Mitchell was a college senior in 1957 when Little Rock made front-page news under a cloud. It took federal troops, ordered by President Dwight Eisenhower, to let court-ordered integration at Central High School proceed. It would be in the 1960s before Mitchell's alma mater, Langston, merged with Hot Springs in a more seamless transition.

As Jackie Robinson knew better than anyone, carrying a cross for one's race can be exhausting emotionally. Mitchell was not exempt from such comparisons.

Retiring after 41 years in the Redskins' organization in 2003, Mitchell said, "I have to live with people always talking me as the first black player against all my exploits. I've always been very upset that people always start with it. I don't want to hear that, and yet I have to hear it constantly, and it overshadows everything I've done in the game."

What came to be the Bobby Mitchell legend in his hometown began in the early 1950s, when illegal casino gambling flourished in Hot Springs.
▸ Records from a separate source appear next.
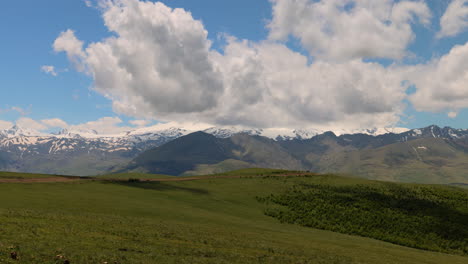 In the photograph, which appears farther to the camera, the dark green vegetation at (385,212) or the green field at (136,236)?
the dark green vegetation at (385,212)

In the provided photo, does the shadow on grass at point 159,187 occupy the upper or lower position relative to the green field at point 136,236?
upper

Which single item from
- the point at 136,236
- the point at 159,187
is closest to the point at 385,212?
the point at 159,187

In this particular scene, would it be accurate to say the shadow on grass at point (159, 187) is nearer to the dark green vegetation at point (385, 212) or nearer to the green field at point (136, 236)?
the green field at point (136, 236)

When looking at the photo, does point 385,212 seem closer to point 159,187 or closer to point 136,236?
point 159,187

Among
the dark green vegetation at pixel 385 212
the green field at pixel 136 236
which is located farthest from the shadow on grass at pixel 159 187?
the dark green vegetation at pixel 385 212

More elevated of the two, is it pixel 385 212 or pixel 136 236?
pixel 136 236

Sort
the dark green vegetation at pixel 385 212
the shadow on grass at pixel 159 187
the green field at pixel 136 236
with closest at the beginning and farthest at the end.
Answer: the green field at pixel 136 236
the dark green vegetation at pixel 385 212
the shadow on grass at pixel 159 187

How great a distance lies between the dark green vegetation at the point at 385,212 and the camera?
61.1m

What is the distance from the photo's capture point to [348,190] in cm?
9038

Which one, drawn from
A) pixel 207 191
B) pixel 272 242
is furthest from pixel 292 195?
pixel 272 242

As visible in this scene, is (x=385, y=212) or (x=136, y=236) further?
(x=385, y=212)

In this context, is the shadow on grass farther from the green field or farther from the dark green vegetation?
the dark green vegetation

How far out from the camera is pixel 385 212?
73188 millimetres

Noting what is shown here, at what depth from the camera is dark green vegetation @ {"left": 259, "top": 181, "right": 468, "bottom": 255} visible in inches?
2405
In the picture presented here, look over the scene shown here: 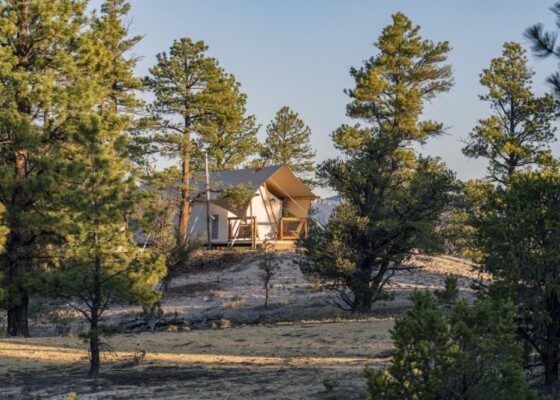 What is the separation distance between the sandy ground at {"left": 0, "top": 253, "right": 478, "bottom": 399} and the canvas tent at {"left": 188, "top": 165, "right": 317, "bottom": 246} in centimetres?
1391

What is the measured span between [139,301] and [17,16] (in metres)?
10.6

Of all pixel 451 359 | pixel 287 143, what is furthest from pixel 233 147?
pixel 451 359

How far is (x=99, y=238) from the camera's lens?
11.5 meters

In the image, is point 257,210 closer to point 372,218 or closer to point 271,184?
point 271,184

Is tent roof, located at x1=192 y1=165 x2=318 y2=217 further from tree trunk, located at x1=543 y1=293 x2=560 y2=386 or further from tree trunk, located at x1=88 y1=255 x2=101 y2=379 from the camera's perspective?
tree trunk, located at x1=543 y1=293 x2=560 y2=386

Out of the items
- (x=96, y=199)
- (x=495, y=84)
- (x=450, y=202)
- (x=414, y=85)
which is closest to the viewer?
(x=96, y=199)

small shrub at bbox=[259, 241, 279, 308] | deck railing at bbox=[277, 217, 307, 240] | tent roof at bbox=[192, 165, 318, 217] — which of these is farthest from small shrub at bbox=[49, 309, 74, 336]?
deck railing at bbox=[277, 217, 307, 240]

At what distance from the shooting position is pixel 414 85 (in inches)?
1460

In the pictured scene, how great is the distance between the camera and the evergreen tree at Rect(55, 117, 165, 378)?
11.1 meters

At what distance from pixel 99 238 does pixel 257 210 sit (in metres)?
27.4

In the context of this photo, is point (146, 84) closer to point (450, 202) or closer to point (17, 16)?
point (17, 16)

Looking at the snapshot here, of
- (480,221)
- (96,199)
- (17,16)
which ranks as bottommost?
(480,221)

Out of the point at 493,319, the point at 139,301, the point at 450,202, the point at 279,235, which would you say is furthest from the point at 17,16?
the point at 279,235

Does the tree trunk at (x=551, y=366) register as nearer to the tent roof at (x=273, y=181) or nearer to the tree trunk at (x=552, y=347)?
the tree trunk at (x=552, y=347) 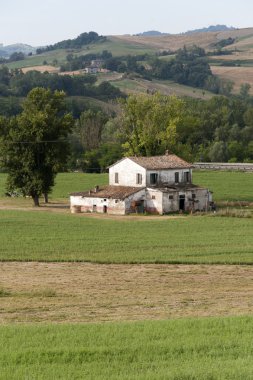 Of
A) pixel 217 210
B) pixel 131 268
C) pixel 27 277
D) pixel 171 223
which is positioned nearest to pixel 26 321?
pixel 27 277

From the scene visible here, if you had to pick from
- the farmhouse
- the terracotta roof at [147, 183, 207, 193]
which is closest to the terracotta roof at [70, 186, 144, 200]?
the farmhouse

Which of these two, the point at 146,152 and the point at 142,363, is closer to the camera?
the point at 142,363

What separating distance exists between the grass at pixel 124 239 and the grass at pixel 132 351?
63.9ft

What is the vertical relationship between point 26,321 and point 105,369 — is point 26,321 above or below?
below

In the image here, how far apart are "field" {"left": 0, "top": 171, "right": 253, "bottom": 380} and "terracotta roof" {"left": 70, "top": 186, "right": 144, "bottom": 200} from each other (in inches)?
123

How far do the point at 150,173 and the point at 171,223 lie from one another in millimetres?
10964

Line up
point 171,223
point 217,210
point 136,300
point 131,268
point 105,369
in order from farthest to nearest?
point 217,210
point 171,223
point 131,268
point 136,300
point 105,369

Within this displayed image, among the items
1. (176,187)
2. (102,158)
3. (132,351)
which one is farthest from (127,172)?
(132,351)

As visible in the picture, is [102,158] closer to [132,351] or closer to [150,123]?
[150,123]

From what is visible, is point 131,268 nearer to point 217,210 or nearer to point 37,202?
point 217,210

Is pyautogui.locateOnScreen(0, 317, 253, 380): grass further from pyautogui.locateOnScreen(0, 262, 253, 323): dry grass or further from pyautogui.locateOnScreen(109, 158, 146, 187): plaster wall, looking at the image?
pyautogui.locateOnScreen(109, 158, 146, 187): plaster wall

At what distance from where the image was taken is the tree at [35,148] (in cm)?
7275

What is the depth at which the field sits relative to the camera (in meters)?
17.4

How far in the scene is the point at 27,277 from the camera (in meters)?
35.5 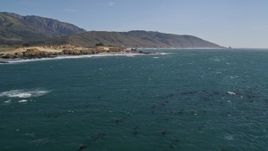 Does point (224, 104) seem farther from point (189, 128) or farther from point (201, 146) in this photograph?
point (201, 146)

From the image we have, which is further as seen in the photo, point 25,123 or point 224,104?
point 224,104

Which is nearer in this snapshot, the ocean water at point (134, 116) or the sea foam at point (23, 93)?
the ocean water at point (134, 116)

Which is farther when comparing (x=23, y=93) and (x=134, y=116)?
(x=23, y=93)

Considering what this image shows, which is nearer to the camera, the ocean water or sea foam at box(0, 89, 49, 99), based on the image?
the ocean water

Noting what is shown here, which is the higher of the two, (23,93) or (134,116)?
(23,93)

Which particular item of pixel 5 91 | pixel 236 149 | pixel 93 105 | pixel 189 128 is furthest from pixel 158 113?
pixel 5 91

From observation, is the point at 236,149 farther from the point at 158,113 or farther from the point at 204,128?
the point at 158,113

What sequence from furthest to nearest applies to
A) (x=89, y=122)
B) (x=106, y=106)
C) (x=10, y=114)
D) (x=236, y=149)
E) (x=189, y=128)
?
1. (x=106, y=106)
2. (x=10, y=114)
3. (x=89, y=122)
4. (x=189, y=128)
5. (x=236, y=149)

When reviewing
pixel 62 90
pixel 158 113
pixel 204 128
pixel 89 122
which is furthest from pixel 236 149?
pixel 62 90

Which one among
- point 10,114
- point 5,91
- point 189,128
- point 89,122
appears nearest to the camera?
point 189,128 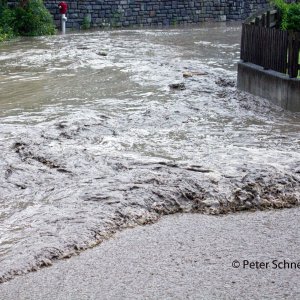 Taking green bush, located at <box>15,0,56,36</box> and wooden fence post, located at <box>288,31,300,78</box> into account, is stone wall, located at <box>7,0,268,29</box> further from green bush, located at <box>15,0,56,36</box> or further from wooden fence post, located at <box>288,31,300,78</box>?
wooden fence post, located at <box>288,31,300,78</box>

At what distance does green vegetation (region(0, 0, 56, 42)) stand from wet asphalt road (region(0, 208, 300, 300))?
69.4ft

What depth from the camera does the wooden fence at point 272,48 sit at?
37.4ft

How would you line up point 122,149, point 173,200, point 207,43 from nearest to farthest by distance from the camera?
point 173,200 < point 122,149 < point 207,43

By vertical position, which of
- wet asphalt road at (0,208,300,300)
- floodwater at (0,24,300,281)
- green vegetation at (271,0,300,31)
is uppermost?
green vegetation at (271,0,300,31)

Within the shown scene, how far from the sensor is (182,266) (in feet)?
17.7

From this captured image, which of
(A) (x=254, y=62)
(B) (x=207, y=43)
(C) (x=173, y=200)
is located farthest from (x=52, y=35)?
(C) (x=173, y=200)

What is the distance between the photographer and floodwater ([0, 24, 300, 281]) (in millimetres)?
6340

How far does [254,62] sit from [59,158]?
19.7ft

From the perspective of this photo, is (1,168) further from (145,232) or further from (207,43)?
(207,43)

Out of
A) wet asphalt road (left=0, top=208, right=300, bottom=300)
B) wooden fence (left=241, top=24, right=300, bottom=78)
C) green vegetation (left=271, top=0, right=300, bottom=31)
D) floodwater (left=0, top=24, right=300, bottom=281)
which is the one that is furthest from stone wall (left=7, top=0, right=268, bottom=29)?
wet asphalt road (left=0, top=208, right=300, bottom=300)

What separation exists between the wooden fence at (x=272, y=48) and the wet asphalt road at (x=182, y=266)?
218 inches

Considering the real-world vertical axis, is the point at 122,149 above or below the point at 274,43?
below

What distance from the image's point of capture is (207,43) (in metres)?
23.9

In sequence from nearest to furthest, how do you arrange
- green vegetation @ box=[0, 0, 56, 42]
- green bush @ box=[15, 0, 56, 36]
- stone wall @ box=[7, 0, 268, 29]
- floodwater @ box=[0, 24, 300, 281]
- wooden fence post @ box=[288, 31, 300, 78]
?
floodwater @ box=[0, 24, 300, 281] < wooden fence post @ box=[288, 31, 300, 78] < green vegetation @ box=[0, 0, 56, 42] < green bush @ box=[15, 0, 56, 36] < stone wall @ box=[7, 0, 268, 29]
Some Spa City visitors then came to play the horses at Oaklawn Park or for services provided on Bathhouse Row, others when dodging a grand jury.
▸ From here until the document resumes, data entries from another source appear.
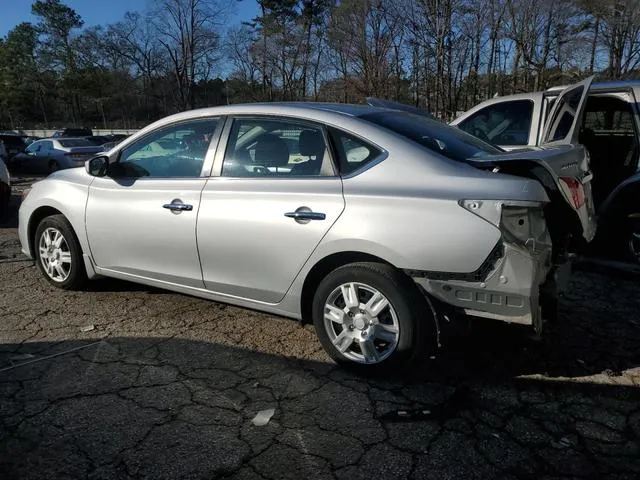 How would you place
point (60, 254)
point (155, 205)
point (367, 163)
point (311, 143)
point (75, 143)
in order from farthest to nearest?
point (75, 143) < point (60, 254) < point (155, 205) < point (311, 143) < point (367, 163)

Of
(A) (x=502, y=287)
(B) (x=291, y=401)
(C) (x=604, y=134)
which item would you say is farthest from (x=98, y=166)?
(C) (x=604, y=134)

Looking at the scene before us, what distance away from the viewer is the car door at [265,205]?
3.22m

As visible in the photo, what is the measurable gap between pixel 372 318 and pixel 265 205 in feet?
3.24

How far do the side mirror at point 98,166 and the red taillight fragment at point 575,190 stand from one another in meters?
3.37

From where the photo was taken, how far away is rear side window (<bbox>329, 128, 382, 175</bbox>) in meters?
3.18

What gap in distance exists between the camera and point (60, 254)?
15.3ft

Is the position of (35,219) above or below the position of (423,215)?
below

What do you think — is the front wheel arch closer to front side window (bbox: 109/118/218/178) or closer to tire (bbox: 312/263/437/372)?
front side window (bbox: 109/118/218/178)

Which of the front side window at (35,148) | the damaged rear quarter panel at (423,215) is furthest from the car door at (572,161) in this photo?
the front side window at (35,148)

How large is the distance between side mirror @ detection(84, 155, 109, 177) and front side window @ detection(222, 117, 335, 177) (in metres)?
1.22

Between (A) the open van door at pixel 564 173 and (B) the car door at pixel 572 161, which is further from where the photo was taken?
(B) the car door at pixel 572 161

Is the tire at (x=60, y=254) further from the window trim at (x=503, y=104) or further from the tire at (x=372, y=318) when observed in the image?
the window trim at (x=503, y=104)

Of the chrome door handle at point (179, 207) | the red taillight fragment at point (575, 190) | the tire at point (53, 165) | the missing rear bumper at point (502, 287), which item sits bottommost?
the missing rear bumper at point (502, 287)

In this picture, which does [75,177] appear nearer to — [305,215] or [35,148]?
[305,215] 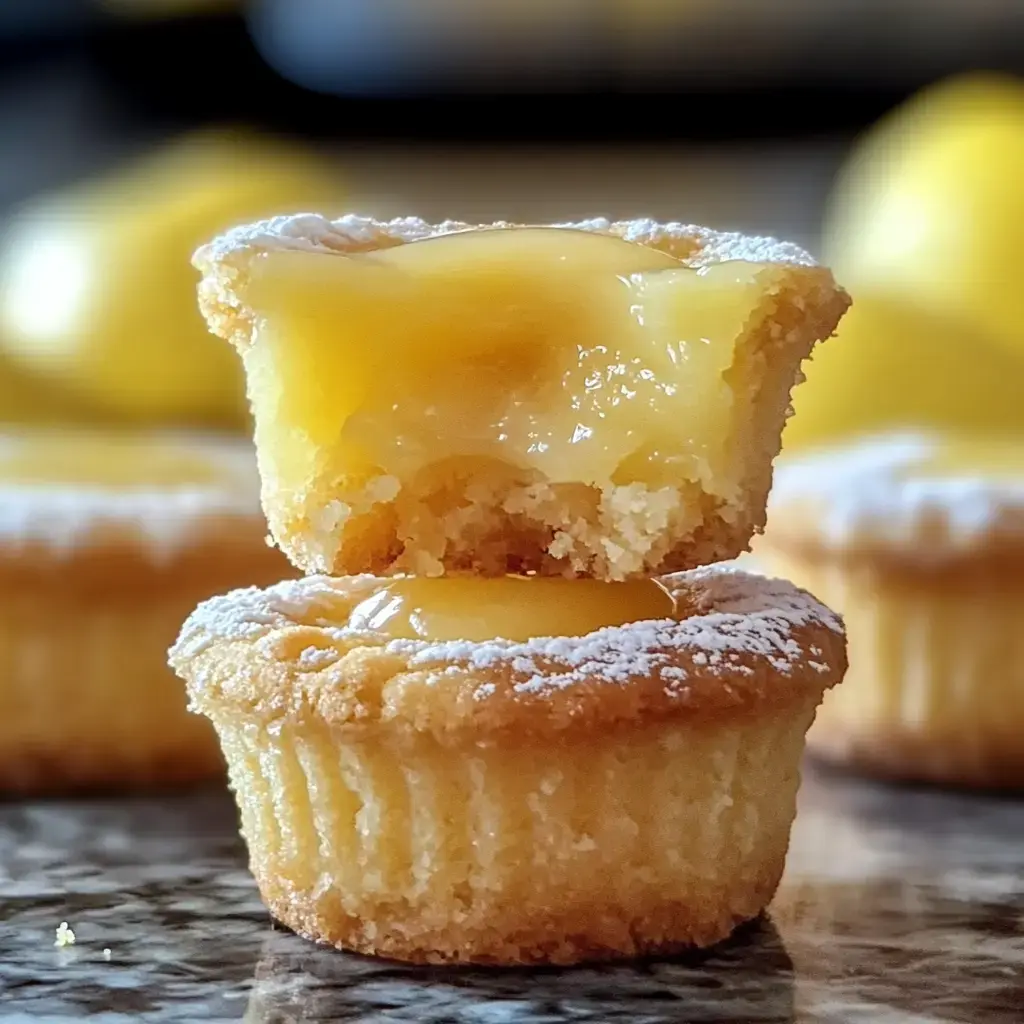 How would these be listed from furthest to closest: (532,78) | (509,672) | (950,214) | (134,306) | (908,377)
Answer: (532,78)
(134,306)
(950,214)
(908,377)
(509,672)

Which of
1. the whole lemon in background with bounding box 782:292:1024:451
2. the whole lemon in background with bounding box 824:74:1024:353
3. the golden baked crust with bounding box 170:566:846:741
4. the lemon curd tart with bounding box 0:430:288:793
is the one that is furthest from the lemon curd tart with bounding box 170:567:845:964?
the whole lemon in background with bounding box 824:74:1024:353

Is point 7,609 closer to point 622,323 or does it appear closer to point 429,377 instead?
point 429,377

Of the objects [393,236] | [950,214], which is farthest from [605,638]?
[950,214]

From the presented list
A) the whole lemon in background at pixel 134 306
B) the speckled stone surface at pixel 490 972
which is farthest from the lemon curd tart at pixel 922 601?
the whole lemon in background at pixel 134 306

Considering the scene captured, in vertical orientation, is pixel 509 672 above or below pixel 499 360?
below

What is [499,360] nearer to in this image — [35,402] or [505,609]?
[505,609]

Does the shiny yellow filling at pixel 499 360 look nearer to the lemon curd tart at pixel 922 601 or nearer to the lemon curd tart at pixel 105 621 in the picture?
the lemon curd tart at pixel 105 621

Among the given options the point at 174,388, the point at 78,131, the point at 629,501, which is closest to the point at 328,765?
the point at 629,501

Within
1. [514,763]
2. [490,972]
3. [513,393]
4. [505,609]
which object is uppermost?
[513,393]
Black athletes of the time became identified with their high schools -- Wilt Chamberlain with Overbrook in Philadelphia, Oscar Robertson at Crispus Attucks in Indianapolis, Bobby Mitchell at Hot Springs Langston. Two decades before Jon Richardson broke the color barrier in Razorback football, Mitchell and his Langston teammates routinely played before larger home crowds than the Hot Springs Trojans. Checking IDs at the admission booth for some Langston games, it is said, might have turned up some people with unsavory reputations.
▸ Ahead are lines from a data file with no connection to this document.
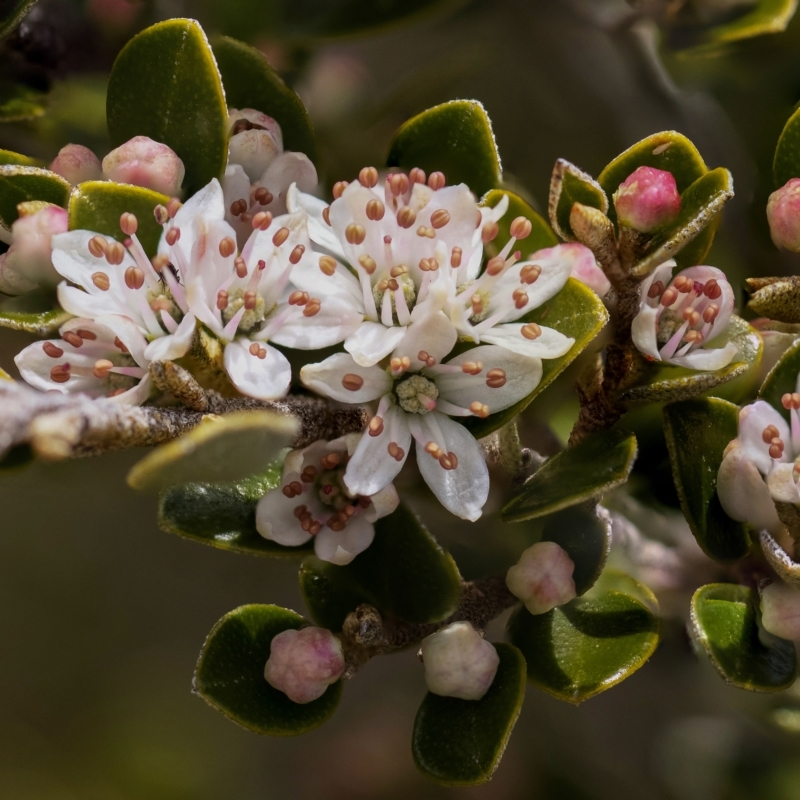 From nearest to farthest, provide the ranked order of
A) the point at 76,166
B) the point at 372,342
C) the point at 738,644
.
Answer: the point at 372,342 < the point at 738,644 < the point at 76,166

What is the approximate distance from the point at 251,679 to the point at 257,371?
0.38m

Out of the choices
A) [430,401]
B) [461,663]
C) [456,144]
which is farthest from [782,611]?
[456,144]

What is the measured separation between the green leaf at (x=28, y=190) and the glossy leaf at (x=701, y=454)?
0.80 m

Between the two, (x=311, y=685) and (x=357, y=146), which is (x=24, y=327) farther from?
(x=357, y=146)

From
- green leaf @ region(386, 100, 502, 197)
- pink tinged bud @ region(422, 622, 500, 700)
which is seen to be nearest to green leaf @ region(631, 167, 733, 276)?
green leaf @ region(386, 100, 502, 197)

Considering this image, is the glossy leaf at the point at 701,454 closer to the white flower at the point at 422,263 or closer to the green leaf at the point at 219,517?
the white flower at the point at 422,263

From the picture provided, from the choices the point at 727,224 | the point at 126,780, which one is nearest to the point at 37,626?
the point at 126,780

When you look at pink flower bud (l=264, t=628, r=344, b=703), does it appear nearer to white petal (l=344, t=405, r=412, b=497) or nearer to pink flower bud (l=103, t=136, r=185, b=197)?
white petal (l=344, t=405, r=412, b=497)

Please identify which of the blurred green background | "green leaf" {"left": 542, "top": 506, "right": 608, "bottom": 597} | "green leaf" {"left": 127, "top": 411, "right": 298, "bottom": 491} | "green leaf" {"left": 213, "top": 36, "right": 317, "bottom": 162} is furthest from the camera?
the blurred green background

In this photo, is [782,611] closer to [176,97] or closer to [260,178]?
[260,178]

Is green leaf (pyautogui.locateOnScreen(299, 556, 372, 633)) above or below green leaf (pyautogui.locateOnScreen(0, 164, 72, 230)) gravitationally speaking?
below

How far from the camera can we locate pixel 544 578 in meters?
1.07

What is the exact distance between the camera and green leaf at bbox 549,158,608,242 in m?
1.01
At a school reunion several years ago, a Langston man who later worked at Hot Springs High called by name a notorious Mafia figure who, while in town, heard about Mitchell and wanted to see him play. Moreover, the Langston man said, it was not uncommon for one or two of the team's star players to be treated to a new set of clothes at a store on Central Avenue. This individual did not live to see Mitchell play in the pros, being gunned down in 1957 while relaxing in a barber's chair in Midtown Manhattan.

I had lunch with Mitchell and his wife, Gwen, in 1997 before his induction to the Arkansas Walk of Fame in downtown Hot Springs. He did not deflect any questions about Jim Brown, his most celebrated teammate, but neither did he dish any dirt about Brown, a controversial figure then and now. Decades after they played together in Cleveland, Mitchell mentioned with reverence the name of Brown, who in February turned 84.

"I was fortunate to be in the backfield with the great Jim Brown," Mitchell said in his Hall of Fame speech in 1983. "My first four years therefore was very easy because it was Jim Brown up the middle, Jim Brown to the left, Jim Brown to the right and, occasionally, a pitchout to Bobby Mitchell."

Brown knew better, that nothing ever came easy for the man from Arkansas.

"Bobby was an individual ... thrown into the arena of being a victim for no reason," Brown said in a 2015 episode of Showtime's "60 Minutes Sports." "He had to suffer for being black more than any person I know that played football at the time I played. With that kind of ability, if he were white, everybody on this earth would know who he was."

We met again several years ago when Mitchell came home to receive an honor at Hot Springs High. If you only know of him as No. 49 in some old highlight reels, well and good. On or off the field, Robert Cornelius Mitchell was as good as advertised. We are blessed that he called Hot Springs home.